Kedua, masbuq yang tidak menemui ruku’ rakaat yang kedua dari shalatnya imam. Masbuq jenis kedua ini maksudnya adalah makmum yang sama sekali tidak menemui rakaatnya imam. Mengenai ketentuannya, ia wajib mengikuti jamaah shalat jumat dengan niat Jumat.
Setelah salamnya imam, ia wajib menyempurnakannya sebagai shalat dhuhur, maksudnya wajib menambahkan empat rakaat.
Saat menyempurnakan rakaatnya, ia tidak perlu niat dhuhur. Syekh Ibnu Hajar al-Haitami menjelaskan:
(فَإِنْ أَدْرَكَهُ بَعْدَ رُكُوْعِ الثَّانِيَةِ نَوَاهَا جُمُعَةً) وُجُوْبًا وَإِنْ كَانَتِ الظُّهْرُ هِيَ اللَّازِمَةَ لَهُ مُوَافَقَةً لِلْإِمَامِ وَلِأَنَّ الْيَأْسَ مِنْهَا لَا يَحْصُلُ إِلَّا بِالسَّلَامِ )وَصَلَّاهَا ظُهْرًا) لِعَدَمِ إِدْرَاكِ رَكْعَةٍ مَعَ الْإِمَامِ
Artinya: “Apabila masbuq menemui imamnya setelah ruku’ rakaat kedua, maka ia wajib niat shalat Jumat, meskipun dhuhur adalah kewajibannya, karena menyesuaikan dengan imam dan karena ketiadaan harapan menumi jumat tidak dapat dihasilkan kecuali dengan salam.
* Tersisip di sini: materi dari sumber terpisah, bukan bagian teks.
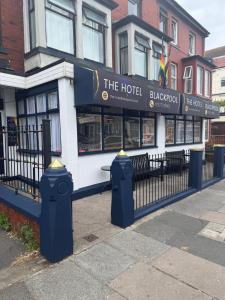 a hotel with two fire hydrants in front of a fence at The Hotel Blackpool in Blackpool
Dan ia wajib melaksanakannya sebagai dhuhur, karena ia tidak menemui satu rakaat bersama imam”. (Syekh Ibnu Hajar al-Haitami, al-Minhaj al-Qawim Hamisy Hasyiyah al-Turmusi, Jedah: Dar al-Minhaj-Jedah, 2011, juz.4, hal. 363-364)
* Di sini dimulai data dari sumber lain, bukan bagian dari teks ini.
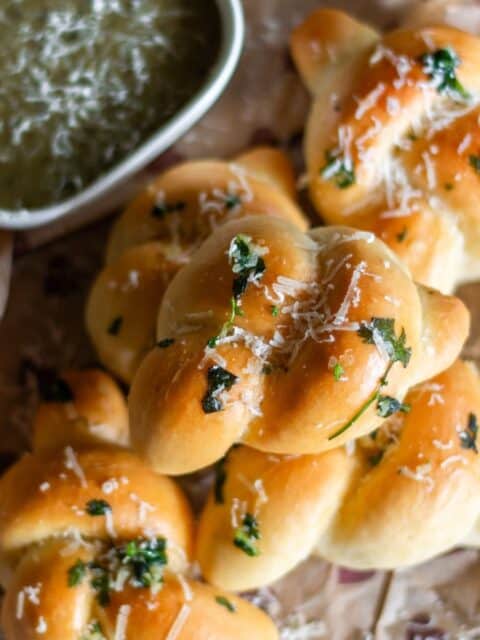 close up image of garlic knots on wooden board on recipe card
Dalam komentarnya atas kitab di atas, Syekh Mahfuzh al-Termasi menjelaskan:
(قَوْلُهُ وَصَلَّاهَا ظُهْرًا) اَيْ يُتِمُّ صَلَاتَهُ عَالِمًا كَانَ أَوْ جَاهِلًا بَعْدَ سَلَامِ الْإِمَامِ ظُهْرًا مِنْ غَيْرِ نِيَّةٍ كَمَا يَدُلُّ عَلَيْهِ تَعْبِيْرُهُمْ بِيُتِمُّ
Artinya: “Ucapan Syekh Ibnu Hajar, Dan ia wajib melaksanakannya sebagai dhuhur, maksudnya ia wajib menyempurnakan shalatnya sebagai dhuhur setelah salamnya imam, baik orang yang mengetahui atau orang yang bodoh, hal tersebut dilakukan tanpa harus niat dhuhur sebagaimana yang ditujukan oleh redaksi para ulama dengan bahasa “yutimmu”, menyempurnakan”. (Syekh Mahfuzh al-Termasi, Hasyiyah al-Turmusi, Jedah: Dar al-Minhaj-Jedah, 2011 M, juz.4, hal. 364)
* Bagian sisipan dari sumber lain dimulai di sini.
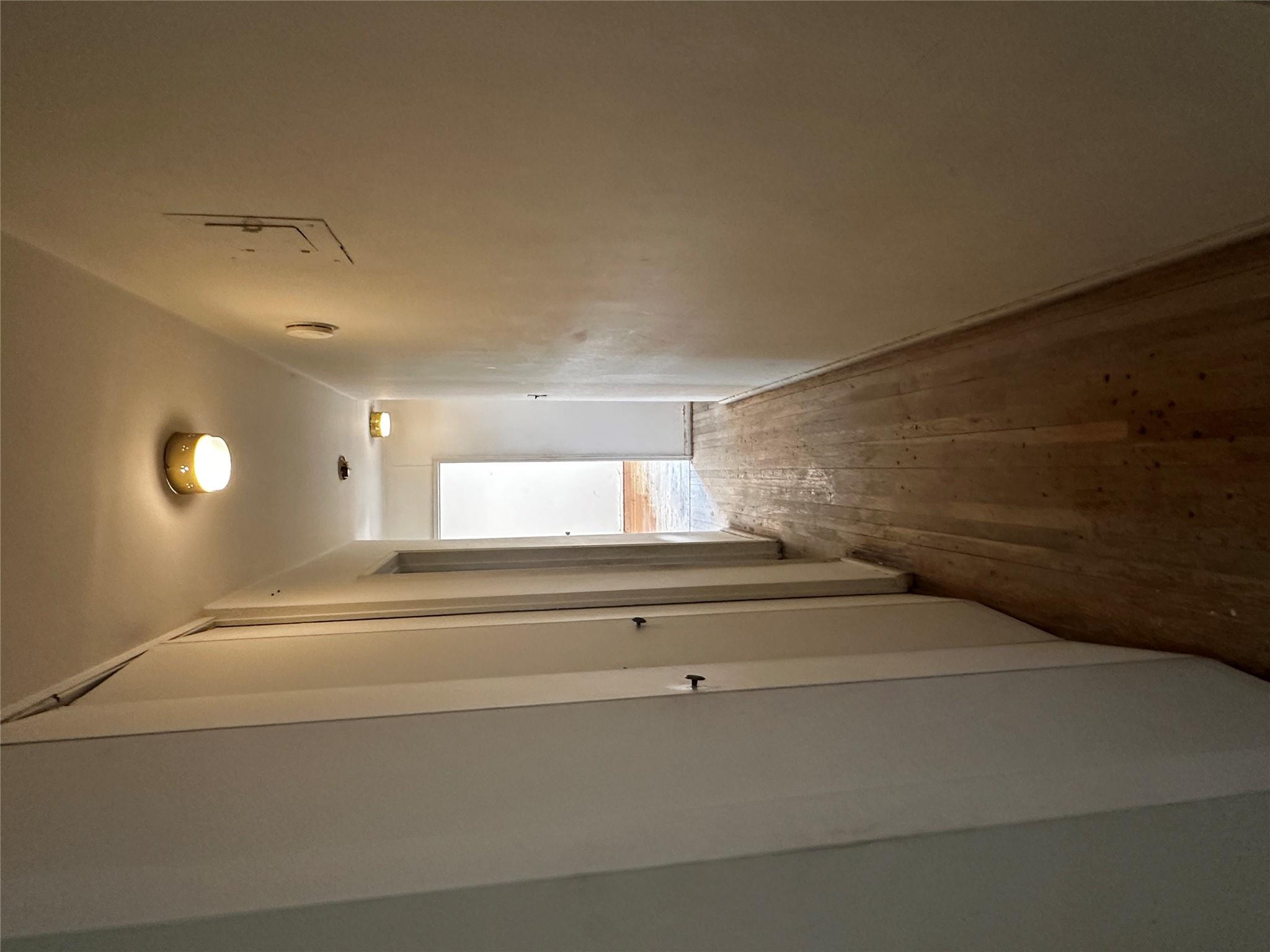 18-75 Corporal Kennedy Street, Unit 4A Queens, NY 11360 - Photo 11 of 25 Hallway featuring hardwood / wood-style floors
Syekh Mahfuzh juga menegaskan, bila setelah menyempurnakan dhuhurnya, masbuq jenis kedua ini menemukan jamaah shalat jumat, maka ia wajib mengikuti Jumat bersama mereka. Sedangkan shalat dhuhur yang sudah ia lakukan, dengan sendirinya berstatus shalat sunah.
Pakar fiqih dan hadits asal Pacitan-Jawa Timur ini menegaskan:
وَلَوْ أَدْرَكَ هَذَا الْمَسْبُوْقُ بَعْدَ صَلَاتِهِ الظُّهْرَ جَمَاعَةً يُصَلُّوْنَ الْجُمُعَةَ وَجَبَ عَلَيْهِ أَنْ يُصَلِّيَهَا مَعَهُمْ كَمَا قَالَهُ فِي النِّهَايَةِ وَيَتَبَيَّنُ انْقِلَابُ الظُّهْرِ نَفْلًا لِأَنَّهُ مِنْ أَهْلِ الْوُجُوْبِ وَبَانَ عَدَمُ الْفَوَاتِ وَمَعْلُوْمٌ أَنَّ الْكَلَامَ عِنْدَ جَوَازِ التَّعَدُّدِ.
“Apabila setelah shalat dhuhur masbuq jenis ini menemui kelompok yang melaksanakan Jumat, maka ia wajib mengikuti Jumat bersama mereka seperti yang dikatakan Imam al-Ramli dalam kitab al-Nihayah. Dan telah nyata dhuhur yang dilakukannya berubah menjadi sunah, sebab ia tergolong orang yang berkewajiban Jumat, sementara nyatanya Jumat tidak terlewatkan untuknya. Dan merupakan hal yang maklum, dalam hal ini konteksnya adalah saat diperbolehkan berbilangnya pelaksanaan Jumat dalam satu desa”. (Syekh Mahfuzh al-Termasi, Hasyiyah al-Turmusi, juz.4, hal. 364, cetakan Dar al-Minhaj-Jedah, cetakan pertama tahun 2011 M).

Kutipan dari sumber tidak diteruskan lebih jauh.